## Action item
Since the copy must match the original, write out each record word for word, skipping only the pictures.
━━ Material shown
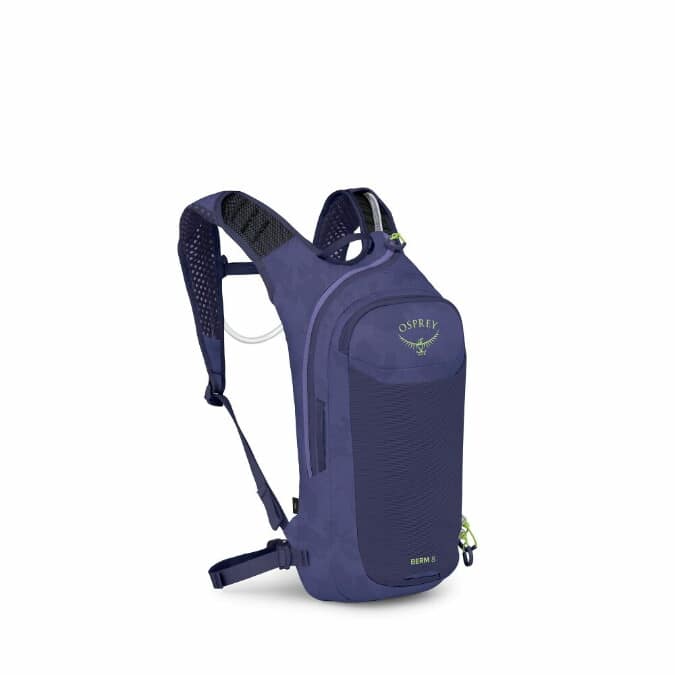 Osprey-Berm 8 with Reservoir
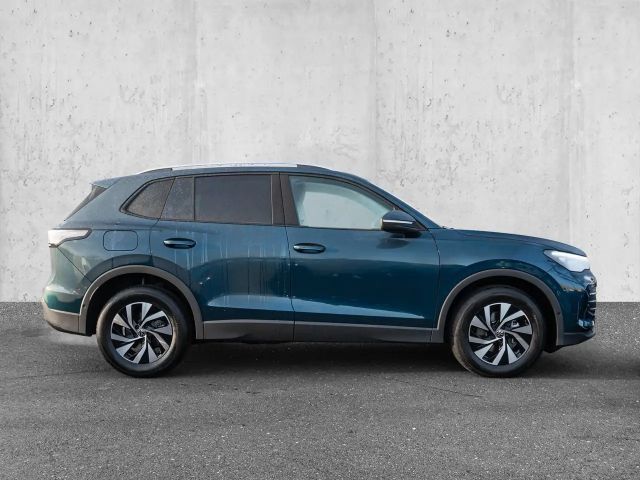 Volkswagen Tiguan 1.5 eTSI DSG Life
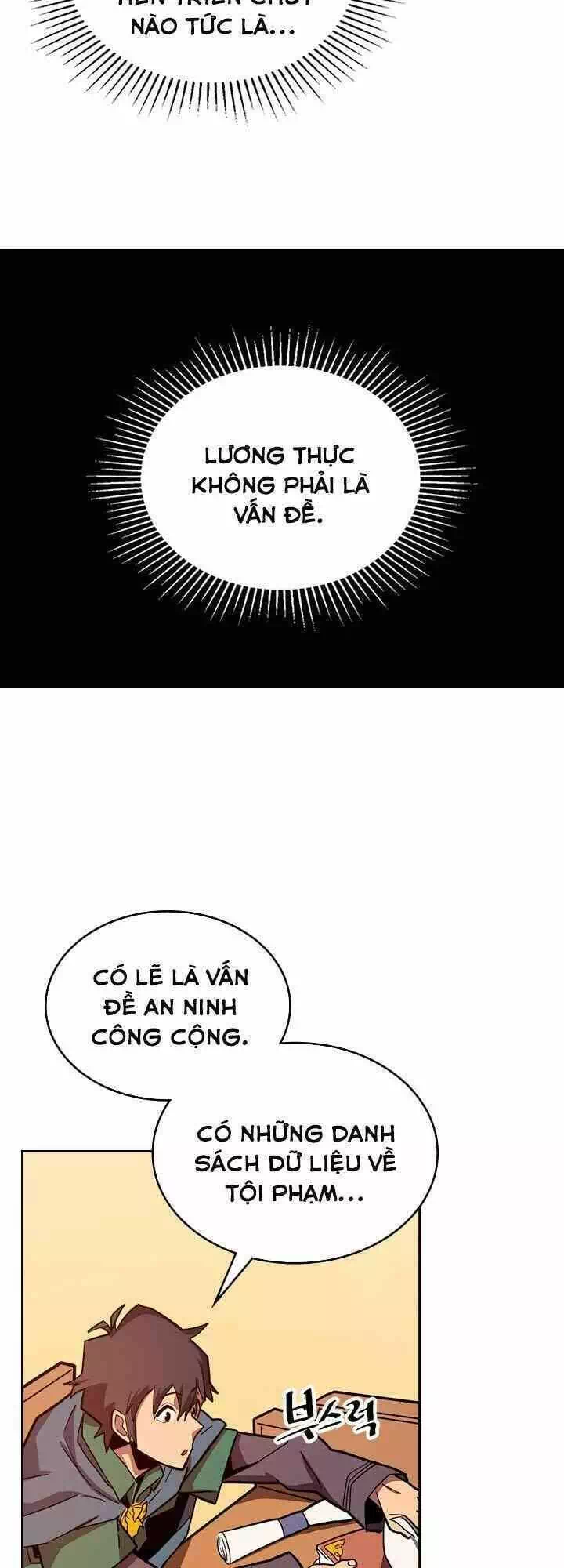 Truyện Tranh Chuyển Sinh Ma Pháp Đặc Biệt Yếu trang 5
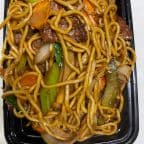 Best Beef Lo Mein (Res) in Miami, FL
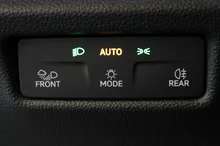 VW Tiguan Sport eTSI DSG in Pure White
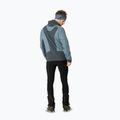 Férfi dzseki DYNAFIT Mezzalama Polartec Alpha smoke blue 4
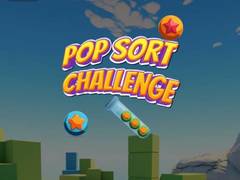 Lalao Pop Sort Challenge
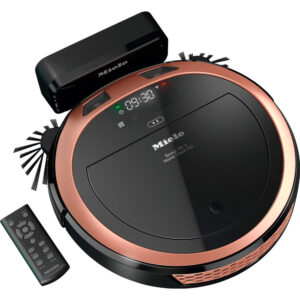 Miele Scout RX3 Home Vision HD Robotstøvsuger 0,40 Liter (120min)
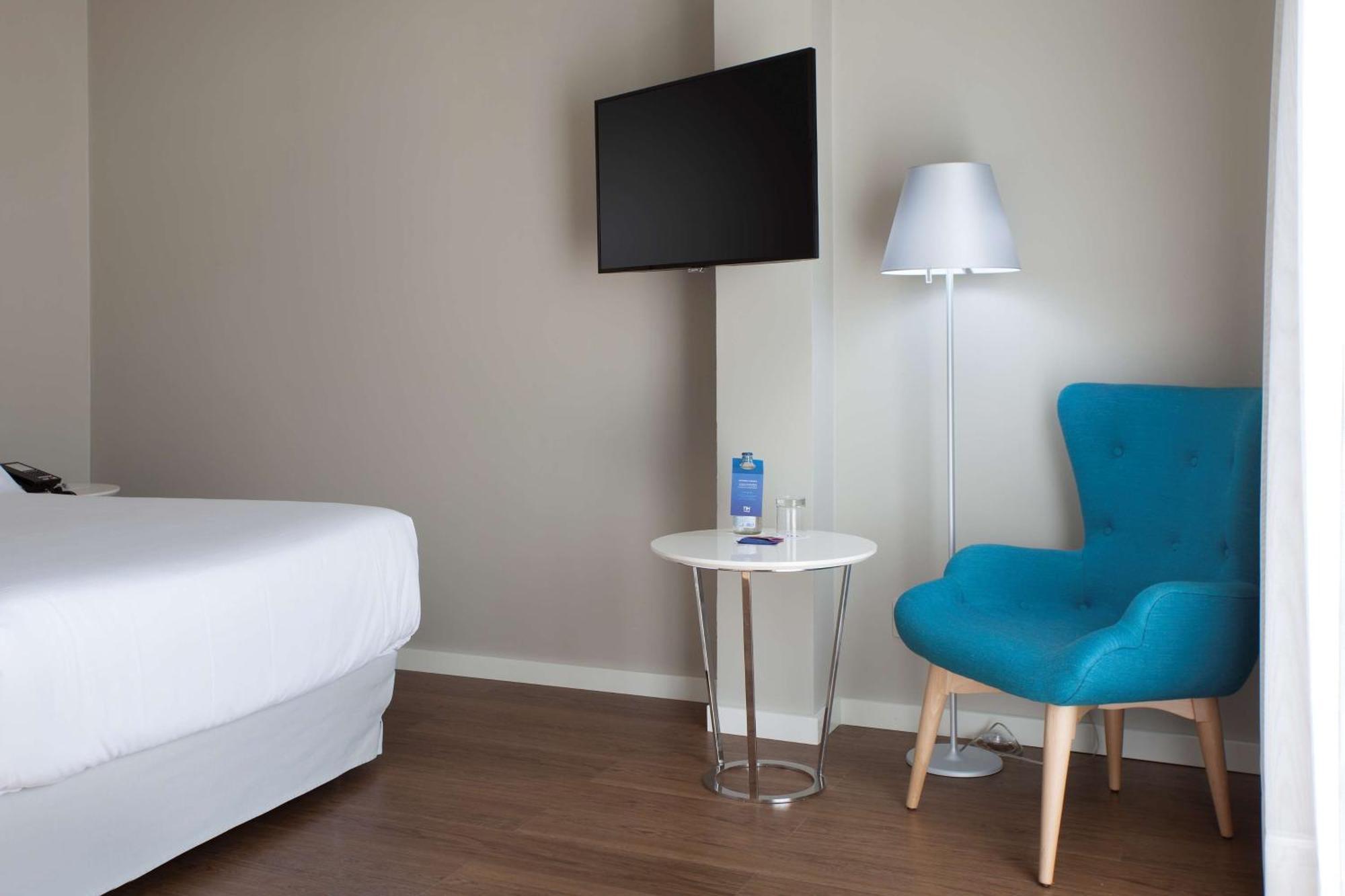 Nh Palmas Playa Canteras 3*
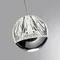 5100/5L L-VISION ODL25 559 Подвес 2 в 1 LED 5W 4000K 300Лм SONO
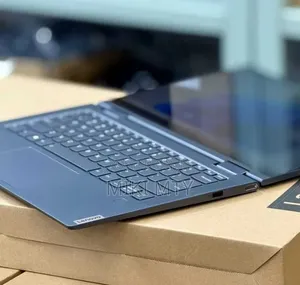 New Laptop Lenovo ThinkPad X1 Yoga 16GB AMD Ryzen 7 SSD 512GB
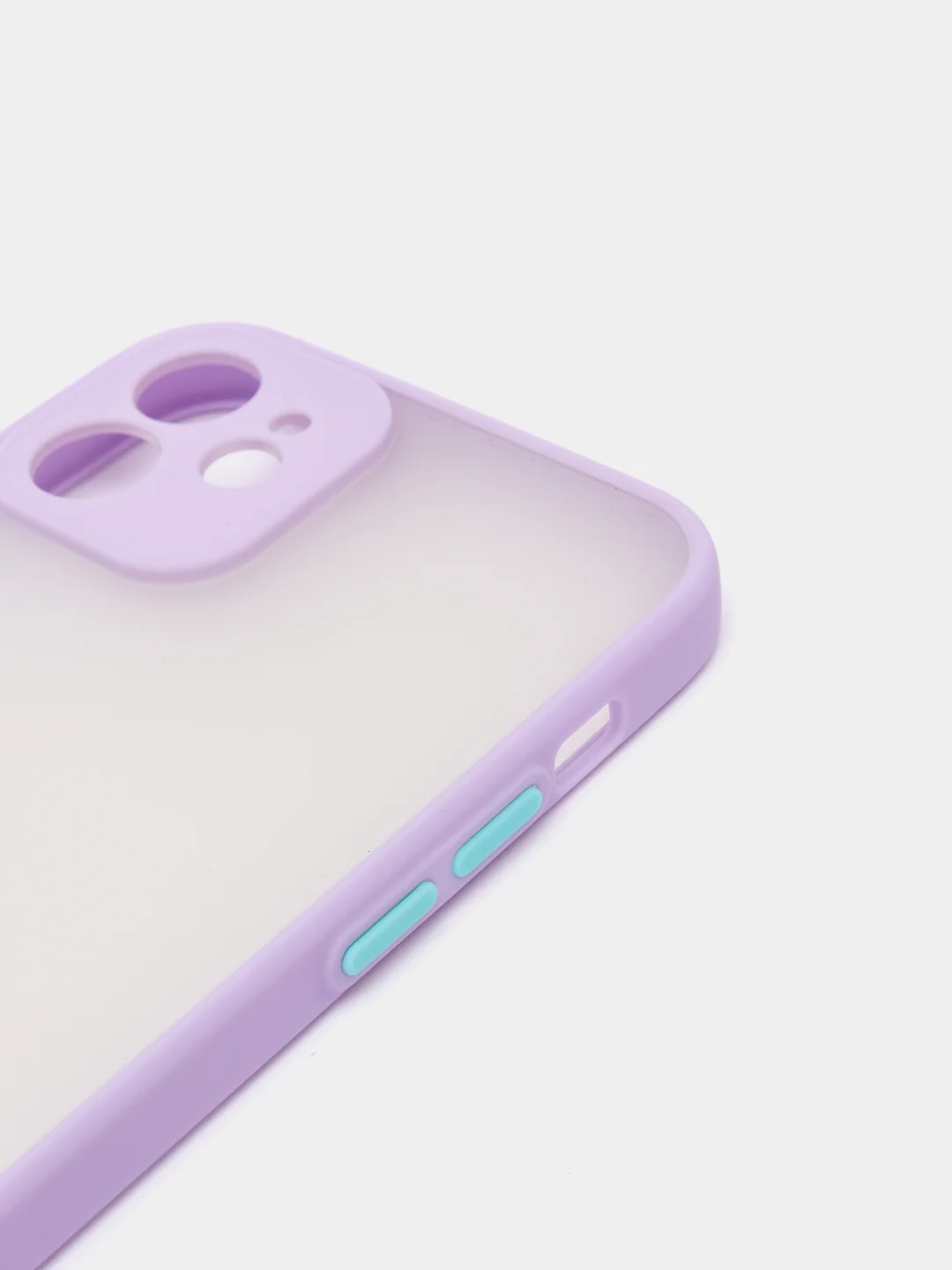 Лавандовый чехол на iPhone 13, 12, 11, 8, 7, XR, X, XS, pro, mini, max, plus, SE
━━━━
## Task answer
 Osprey-Berm 8 with Reservoir
 Volkswagen Tiguan 1.5 eTSI DSG Life
 Truyện Tranh Chuyển Sinh Ma Pháp Đặc Biệt Yếu trang 5
 Best Beef Lo Mein (Res) in Miami, FL
 VW Tiguan Sport eTSI DSG in Pure White
 Férfi dzseki DYNAFIT Mezzalama Polartec Alpha smoke blue 4
 Lalao Pop Sort Challenge
 Miele Scout RX3 Home Vision HD Robotstøvsuger 0,40 Liter (120min)
 Nh Palmas Playa Canteras 3*
 5100/5L L-VISION ODL25 559 Подвес 2 в 1 LED 5W 4000K 300Лм SONO
 New Laptop Lenovo ThinkPad X1 Yoga 16GB AMD Ryzen 7 SSD 512GB
 Лавандовый чехол на iPhone 13, 12, 11, 8, 7, XR, X, XS, pro, mini, max, plus, SE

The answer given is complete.